Single by Soolking featuring Gazo
- Language: French
- Released: 6 July 2023
- Length: 3:10
- Label: Capitol
- Songwriters: Abderraouf Derradji; Ibrahima Diakité; Nassim Diane; Nass Brans;
- Producers: Voluptyk; Brans;

Music video
- "Casanova" on YouTube

= Casanova (Soolking and Gazo song) =

"Casanova" is a song by Algerian singer Soolking featuring French rapper Gazo. It was released on 6 July 2023, produced by Voluptk and Nass Brans. The song peaked at number one on the French Singles Chart.

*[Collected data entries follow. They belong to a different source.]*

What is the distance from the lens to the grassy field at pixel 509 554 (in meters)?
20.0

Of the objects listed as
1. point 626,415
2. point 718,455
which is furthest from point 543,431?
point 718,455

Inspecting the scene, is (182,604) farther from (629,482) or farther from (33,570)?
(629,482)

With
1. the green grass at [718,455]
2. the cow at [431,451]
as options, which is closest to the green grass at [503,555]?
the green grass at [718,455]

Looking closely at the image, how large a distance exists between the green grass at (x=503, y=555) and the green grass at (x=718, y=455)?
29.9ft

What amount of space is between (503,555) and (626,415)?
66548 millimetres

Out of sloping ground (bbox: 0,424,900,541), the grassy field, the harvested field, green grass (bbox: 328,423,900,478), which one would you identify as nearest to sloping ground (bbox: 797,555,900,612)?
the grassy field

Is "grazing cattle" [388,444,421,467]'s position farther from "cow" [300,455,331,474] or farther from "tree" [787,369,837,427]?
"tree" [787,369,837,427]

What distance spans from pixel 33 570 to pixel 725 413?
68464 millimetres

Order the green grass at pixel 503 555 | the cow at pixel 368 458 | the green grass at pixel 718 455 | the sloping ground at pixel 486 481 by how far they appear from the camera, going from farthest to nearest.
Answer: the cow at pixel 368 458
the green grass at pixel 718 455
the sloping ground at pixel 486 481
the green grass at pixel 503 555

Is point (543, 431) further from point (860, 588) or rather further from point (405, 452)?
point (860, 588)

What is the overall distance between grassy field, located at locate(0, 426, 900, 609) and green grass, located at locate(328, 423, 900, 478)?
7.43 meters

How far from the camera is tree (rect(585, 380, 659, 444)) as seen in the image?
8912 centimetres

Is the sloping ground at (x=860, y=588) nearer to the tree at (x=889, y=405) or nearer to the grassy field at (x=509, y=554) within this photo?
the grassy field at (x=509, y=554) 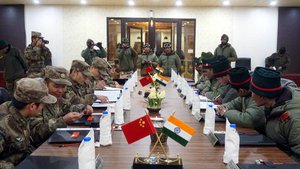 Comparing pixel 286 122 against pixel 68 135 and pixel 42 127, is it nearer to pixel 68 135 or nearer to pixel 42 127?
pixel 68 135

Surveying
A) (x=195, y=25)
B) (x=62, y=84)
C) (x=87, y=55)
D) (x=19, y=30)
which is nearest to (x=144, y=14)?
(x=195, y=25)

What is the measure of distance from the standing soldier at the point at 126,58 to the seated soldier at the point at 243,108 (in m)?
5.05

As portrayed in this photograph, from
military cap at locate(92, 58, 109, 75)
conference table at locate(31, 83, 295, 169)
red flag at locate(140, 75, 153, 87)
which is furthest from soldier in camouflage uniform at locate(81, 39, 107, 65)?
conference table at locate(31, 83, 295, 169)

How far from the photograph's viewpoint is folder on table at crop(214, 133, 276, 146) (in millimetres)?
1977

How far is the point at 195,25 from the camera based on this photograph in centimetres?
996

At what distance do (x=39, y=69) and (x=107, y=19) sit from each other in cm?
441

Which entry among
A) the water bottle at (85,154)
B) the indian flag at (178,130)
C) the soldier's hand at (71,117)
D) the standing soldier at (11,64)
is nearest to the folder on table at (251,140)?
the indian flag at (178,130)

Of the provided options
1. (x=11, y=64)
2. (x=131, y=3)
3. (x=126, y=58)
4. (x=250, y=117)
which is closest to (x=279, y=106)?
(x=250, y=117)

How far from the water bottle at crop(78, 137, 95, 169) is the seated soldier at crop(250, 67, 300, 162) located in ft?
3.93

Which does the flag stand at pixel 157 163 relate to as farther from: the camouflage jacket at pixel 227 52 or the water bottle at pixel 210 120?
the camouflage jacket at pixel 227 52

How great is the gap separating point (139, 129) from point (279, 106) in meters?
1.03

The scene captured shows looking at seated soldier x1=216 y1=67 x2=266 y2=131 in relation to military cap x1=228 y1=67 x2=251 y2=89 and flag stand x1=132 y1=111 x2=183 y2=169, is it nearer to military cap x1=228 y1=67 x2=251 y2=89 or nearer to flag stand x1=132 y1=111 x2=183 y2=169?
military cap x1=228 y1=67 x2=251 y2=89

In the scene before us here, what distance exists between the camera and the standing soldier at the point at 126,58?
25.0 feet

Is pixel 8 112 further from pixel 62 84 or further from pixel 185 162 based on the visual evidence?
pixel 185 162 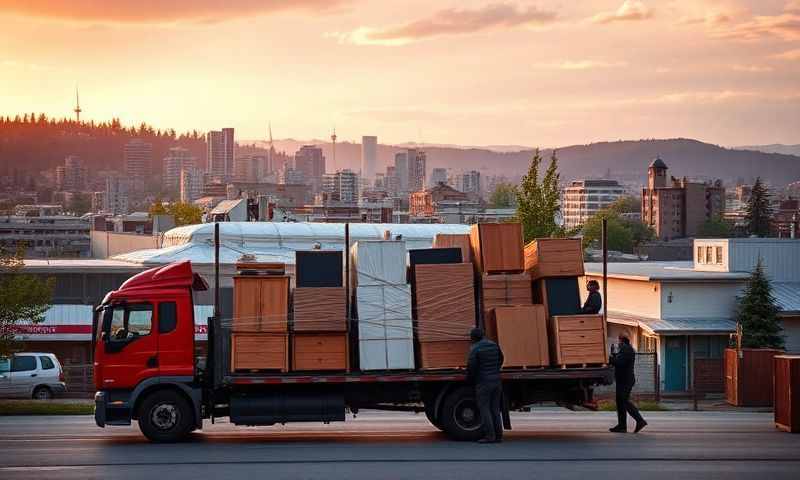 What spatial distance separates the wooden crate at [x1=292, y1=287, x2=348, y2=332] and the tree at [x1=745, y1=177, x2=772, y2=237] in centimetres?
15627

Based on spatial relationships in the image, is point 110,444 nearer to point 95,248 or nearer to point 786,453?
point 786,453

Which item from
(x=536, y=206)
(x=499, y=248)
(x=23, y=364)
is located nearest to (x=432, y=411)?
(x=499, y=248)

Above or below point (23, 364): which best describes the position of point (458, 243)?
above

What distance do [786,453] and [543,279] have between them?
5133mm

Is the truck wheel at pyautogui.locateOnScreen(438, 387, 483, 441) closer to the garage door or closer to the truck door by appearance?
the truck door

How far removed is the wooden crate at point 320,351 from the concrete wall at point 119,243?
60970 mm

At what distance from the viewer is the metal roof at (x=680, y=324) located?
145 feet

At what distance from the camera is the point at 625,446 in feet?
64.9

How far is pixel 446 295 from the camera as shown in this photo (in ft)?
70.6

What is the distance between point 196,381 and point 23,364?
20.1 metres

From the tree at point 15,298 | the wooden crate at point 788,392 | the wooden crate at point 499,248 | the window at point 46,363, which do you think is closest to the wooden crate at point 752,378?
the wooden crate at point 788,392

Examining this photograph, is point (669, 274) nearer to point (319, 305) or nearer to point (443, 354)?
point (443, 354)

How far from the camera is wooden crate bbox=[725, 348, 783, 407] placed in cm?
3152

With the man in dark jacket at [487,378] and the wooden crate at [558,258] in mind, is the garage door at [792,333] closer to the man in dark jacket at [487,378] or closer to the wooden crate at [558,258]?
the wooden crate at [558,258] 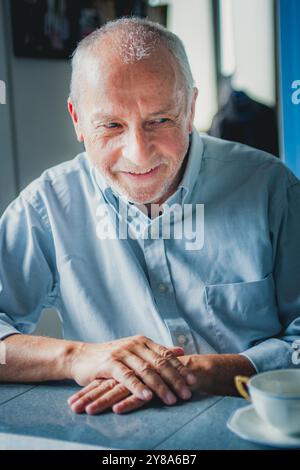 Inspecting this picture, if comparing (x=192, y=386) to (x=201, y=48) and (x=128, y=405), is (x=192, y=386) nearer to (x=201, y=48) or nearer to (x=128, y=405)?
(x=128, y=405)

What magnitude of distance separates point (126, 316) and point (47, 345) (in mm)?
243

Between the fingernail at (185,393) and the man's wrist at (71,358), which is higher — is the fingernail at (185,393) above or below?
above

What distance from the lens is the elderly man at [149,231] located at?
1192 mm

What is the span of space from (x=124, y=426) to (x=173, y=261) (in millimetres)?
507

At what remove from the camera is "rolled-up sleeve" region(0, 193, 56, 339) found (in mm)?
1346

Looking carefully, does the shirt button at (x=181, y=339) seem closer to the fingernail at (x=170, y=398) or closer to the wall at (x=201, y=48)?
the fingernail at (x=170, y=398)

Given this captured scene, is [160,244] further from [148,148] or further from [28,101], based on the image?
[28,101]

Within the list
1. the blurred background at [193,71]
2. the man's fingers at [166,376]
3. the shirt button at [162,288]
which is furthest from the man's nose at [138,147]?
the blurred background at [193,71]

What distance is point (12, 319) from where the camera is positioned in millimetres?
1341

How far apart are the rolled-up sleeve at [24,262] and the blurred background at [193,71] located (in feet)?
3.06

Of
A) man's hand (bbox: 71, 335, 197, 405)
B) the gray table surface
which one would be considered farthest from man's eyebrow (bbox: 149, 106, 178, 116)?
the gray table surface

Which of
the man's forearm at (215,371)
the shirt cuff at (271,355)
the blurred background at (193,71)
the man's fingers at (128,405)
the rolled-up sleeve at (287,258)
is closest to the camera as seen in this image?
the man's fingers at (128,405)

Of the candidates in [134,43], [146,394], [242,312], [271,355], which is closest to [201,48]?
[134,43]

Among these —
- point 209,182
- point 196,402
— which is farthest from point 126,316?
point 196,402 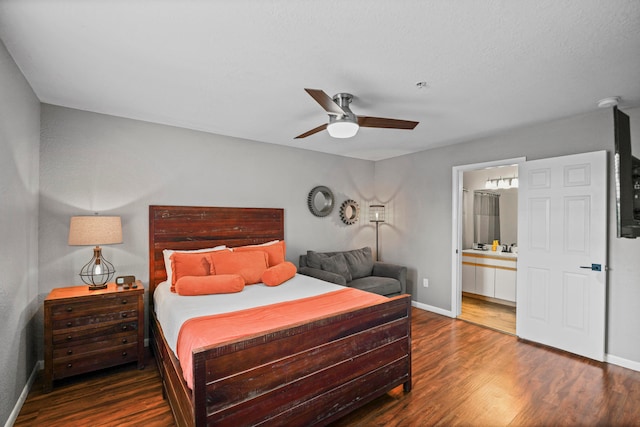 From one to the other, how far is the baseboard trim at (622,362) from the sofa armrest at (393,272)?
88.1 inches

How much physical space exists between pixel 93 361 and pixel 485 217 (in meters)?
5.95

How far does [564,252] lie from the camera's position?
129 inches

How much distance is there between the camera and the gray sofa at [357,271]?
4125 mm

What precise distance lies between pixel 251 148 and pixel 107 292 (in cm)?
233

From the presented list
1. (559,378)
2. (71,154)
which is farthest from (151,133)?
(559,378)

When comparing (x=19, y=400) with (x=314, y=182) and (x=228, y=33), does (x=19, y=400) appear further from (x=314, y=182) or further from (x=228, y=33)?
(x=314, y=182)

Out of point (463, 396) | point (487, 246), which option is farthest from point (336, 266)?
point (487, 246)

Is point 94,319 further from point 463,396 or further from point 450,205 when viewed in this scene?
point 450,205

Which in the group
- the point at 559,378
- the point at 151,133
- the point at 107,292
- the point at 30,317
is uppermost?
the point at 151,133

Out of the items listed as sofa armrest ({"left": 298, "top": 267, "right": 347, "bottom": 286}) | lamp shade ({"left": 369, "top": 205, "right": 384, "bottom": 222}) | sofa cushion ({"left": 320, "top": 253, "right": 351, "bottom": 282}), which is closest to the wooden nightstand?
sofa armrest ({"left": 298, "top": 267, "right": 347, "bottom": 286})

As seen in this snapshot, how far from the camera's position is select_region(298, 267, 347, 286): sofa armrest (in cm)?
382

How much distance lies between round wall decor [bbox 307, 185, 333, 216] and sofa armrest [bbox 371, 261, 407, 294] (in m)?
1.18

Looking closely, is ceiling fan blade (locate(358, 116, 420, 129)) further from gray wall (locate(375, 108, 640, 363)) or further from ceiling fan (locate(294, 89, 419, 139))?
gray wall (locate(375, 108, 640, 363))

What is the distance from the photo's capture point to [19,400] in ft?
7.47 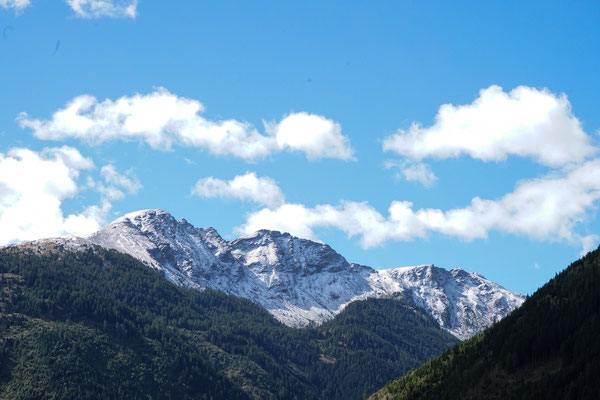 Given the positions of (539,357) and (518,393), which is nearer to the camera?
(518,393)

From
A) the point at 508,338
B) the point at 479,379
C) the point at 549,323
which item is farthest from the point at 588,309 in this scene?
the point at 479,379

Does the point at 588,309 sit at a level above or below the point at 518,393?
above

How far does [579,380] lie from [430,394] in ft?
176

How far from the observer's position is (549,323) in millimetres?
193750

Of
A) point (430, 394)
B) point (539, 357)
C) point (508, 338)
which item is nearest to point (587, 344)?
point (539, 357)

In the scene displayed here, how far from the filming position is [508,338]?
198750 mm

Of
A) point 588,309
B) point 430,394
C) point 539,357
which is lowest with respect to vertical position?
point 430,394

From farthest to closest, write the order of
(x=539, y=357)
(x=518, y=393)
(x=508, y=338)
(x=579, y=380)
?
(x=508, y=338) < (x=539, y=357) < (x=518, y=393) < (x=579, y=380)

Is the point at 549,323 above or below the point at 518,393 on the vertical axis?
above

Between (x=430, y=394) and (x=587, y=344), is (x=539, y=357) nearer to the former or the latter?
(x=587, y=344)

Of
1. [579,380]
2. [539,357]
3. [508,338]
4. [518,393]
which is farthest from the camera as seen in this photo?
[508,338]

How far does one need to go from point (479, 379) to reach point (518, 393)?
21966mm

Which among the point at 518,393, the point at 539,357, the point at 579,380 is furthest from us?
the point at 539,357

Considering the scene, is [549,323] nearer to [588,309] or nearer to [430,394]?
[588,309] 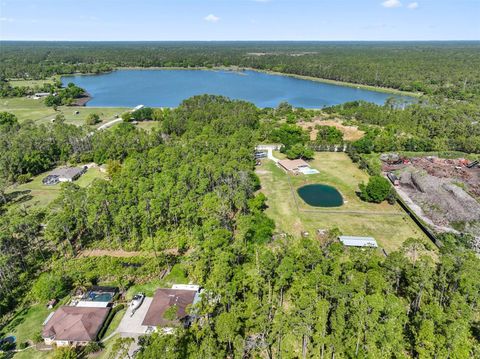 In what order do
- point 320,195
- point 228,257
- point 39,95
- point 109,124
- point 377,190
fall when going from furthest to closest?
point 39,95
point 109,124
point 320,195
point 377,190
point 228,257

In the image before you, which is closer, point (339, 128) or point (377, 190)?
point (377, 190)

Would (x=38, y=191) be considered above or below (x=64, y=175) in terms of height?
below

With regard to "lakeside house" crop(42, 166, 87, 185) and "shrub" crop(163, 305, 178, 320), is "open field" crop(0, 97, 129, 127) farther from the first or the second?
"shrub" crop(163, 305, 178, 320)

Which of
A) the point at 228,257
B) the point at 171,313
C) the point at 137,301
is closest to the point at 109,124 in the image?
the point at 137,301

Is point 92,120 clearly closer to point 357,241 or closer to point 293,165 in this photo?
point 293,165

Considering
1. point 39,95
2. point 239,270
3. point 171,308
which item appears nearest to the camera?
point 171,308

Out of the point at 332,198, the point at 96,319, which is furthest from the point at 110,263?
the point at 332,198

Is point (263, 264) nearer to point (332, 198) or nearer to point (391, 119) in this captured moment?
point (332, 198) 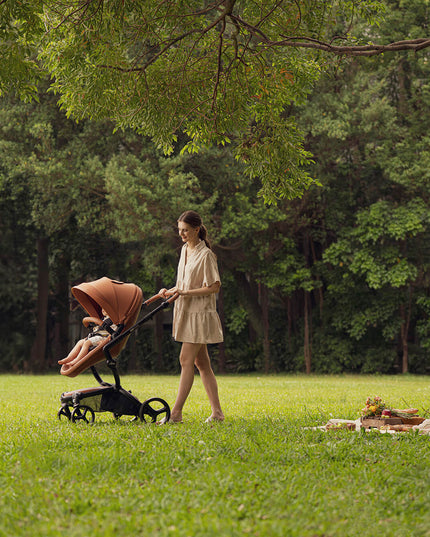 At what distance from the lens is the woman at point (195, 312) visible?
7535 mm

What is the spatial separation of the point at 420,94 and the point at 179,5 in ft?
55.8

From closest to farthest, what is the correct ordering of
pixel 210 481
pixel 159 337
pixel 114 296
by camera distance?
1. pixel 210 481
2. pixel 114 296
3. pixel 159 337

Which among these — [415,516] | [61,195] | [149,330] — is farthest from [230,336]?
[415,516]

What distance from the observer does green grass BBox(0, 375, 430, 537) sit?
3.80 metres

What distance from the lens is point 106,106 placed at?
27.3 feet

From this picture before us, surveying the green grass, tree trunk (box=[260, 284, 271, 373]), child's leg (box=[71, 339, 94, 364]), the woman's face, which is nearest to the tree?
the woman's face

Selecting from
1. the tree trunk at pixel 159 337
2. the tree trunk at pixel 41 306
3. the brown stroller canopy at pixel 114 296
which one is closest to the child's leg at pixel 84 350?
the brown stroller canopy at pixel 114 296

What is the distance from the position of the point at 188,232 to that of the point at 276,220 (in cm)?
1442

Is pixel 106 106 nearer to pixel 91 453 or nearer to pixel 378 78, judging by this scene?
pixel 91 453

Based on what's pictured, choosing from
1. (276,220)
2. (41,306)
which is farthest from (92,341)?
(41,306)

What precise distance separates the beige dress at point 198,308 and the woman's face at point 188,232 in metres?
0.18

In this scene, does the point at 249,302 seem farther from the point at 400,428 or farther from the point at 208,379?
the point at 400,428

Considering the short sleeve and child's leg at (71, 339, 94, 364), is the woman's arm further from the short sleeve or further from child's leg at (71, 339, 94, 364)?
child's leg at (71, 339, 94, 364)

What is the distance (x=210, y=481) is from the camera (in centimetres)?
461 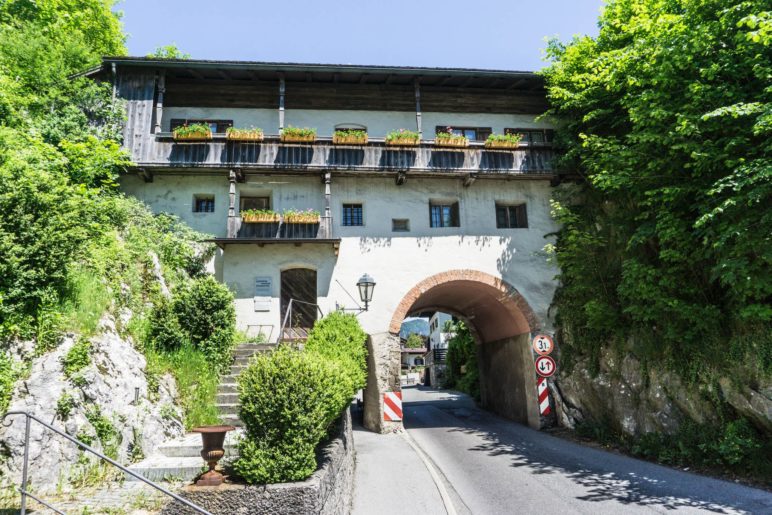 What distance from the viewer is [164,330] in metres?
10.1

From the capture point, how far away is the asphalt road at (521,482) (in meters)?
7.32

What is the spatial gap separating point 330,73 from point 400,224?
19.4 ft

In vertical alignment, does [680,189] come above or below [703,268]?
above

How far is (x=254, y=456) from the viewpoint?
16.4 ft

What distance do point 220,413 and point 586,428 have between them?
9624 mm

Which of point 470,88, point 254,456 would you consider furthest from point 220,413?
point 470,88

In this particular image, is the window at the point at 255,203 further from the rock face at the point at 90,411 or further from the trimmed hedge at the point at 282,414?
the trimmed hedge at the point at 282,414

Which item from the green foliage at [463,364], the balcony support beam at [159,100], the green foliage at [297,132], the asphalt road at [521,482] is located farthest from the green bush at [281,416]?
the green foliage at [463,364]

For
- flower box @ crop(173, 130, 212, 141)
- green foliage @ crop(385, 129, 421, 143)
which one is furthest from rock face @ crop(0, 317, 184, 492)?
green foliage @ crop(385, 129, 421, 143)

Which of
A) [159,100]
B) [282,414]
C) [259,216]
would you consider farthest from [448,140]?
[282,414]

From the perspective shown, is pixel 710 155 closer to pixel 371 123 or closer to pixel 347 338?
pixel 347 338

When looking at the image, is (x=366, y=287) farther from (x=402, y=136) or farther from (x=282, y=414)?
(x=282, y=414)

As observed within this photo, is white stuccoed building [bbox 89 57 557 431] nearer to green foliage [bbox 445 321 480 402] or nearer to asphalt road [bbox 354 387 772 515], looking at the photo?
asphalt road [bbox 354 387 772 515]

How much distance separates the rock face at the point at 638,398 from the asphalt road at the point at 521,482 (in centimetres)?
129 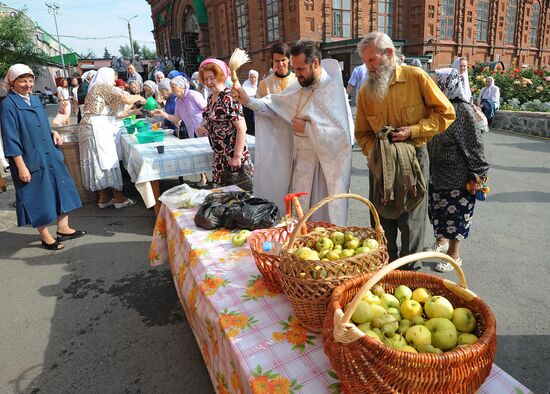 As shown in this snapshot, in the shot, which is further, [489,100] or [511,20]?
[511,20]

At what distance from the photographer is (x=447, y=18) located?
21.4 metres

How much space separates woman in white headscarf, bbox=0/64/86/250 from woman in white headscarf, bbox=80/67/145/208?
31.9 inches

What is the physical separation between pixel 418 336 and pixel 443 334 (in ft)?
0.24

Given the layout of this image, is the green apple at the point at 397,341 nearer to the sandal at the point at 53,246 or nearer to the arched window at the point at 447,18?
the sandal at the point at 53,246

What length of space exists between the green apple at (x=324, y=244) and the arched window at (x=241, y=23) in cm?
2302

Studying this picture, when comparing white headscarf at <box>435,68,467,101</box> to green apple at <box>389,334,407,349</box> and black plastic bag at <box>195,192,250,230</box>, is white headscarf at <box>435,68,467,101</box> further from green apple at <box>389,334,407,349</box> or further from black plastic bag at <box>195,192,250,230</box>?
green apple at <box>389,334,407,349</box>

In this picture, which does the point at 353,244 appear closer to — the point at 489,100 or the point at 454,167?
the point at 454,167

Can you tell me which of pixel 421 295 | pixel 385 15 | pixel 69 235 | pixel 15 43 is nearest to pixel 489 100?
pixel 69 235

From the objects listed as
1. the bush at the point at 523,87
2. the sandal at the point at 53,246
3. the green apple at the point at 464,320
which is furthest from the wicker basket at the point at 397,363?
the bush at the point at 523,87

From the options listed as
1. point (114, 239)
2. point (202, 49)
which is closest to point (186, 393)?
point (114, 239)

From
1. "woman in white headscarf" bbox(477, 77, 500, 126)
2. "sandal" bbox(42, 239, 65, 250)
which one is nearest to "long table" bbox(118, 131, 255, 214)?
"sandal" bbox(42, 239, 65, 250)

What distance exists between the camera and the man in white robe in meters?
2.92

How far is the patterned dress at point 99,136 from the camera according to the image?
495cm

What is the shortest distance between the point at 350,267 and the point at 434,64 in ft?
75.2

Due to this success, Casanova has a total of four different versions in German, Swedish, Turkish and Spanish. Milano was featured on the German version, ADAAM on the Swedish version and Sefo on the Turkish version. In December 7 2023, Soolking released the official remix for Casanova, featuring the Spanish artists Lola Indigo and Rvfv. This version was also a huge success, reaching number one at Spain charts and reaching over more than 110 million streams at Spotify.

==Charts==
===Weekly charts===

Chart performance for "Casanova" (Soolking and Gazo)
| Chart (2023) | Peak position |
|---|---|
| Belgium (Ultratop 50 Wallonia) | 3 |
| Czech Republic Singles Digital (ČNS IFPI) | 92 |
| France (SNEP) | 1 |
| Germany (GfK) | 88 |
| Italy (FIMI) | 40 |
| Luxembourg (Billboard) | 3 |
| Netherlands (Single Tip) | 1 |
| Spain (Promusicae) | 93 |
| Switzerland (Schweizer Hitparade) | 7 |

Chart performance for "Casanova" (Soolking and Adaam)
| Chart (2024) | Peak position |
|---|---|
| Sweden Heatseeker (Sverigetopplistan) | 6 |

===Year-end charts===

2023 year-end chart performance for "Casanova"
| Chart (2023) | Position |
|---|---|
| Switzerland (Schweizer Hitparade) | 50 |

2025 year-end chart performance for "Casanova"
| Chart (2025) | Position |
|---|---|
| France (SNEP) | 153 |

==Certifications==

Certifications for "Casanova"
| Region | Certification | Certified units/sales |
| Belgium (BRMA) | 2× Platinum | 80,000^{‡} |
| France (SNEP) | Platinum | 200,000^{‡} |
| Spain (Promusicae) | Gold | 30,000^{‡} |
^{‡} Sales+streaming figures based on certification alone.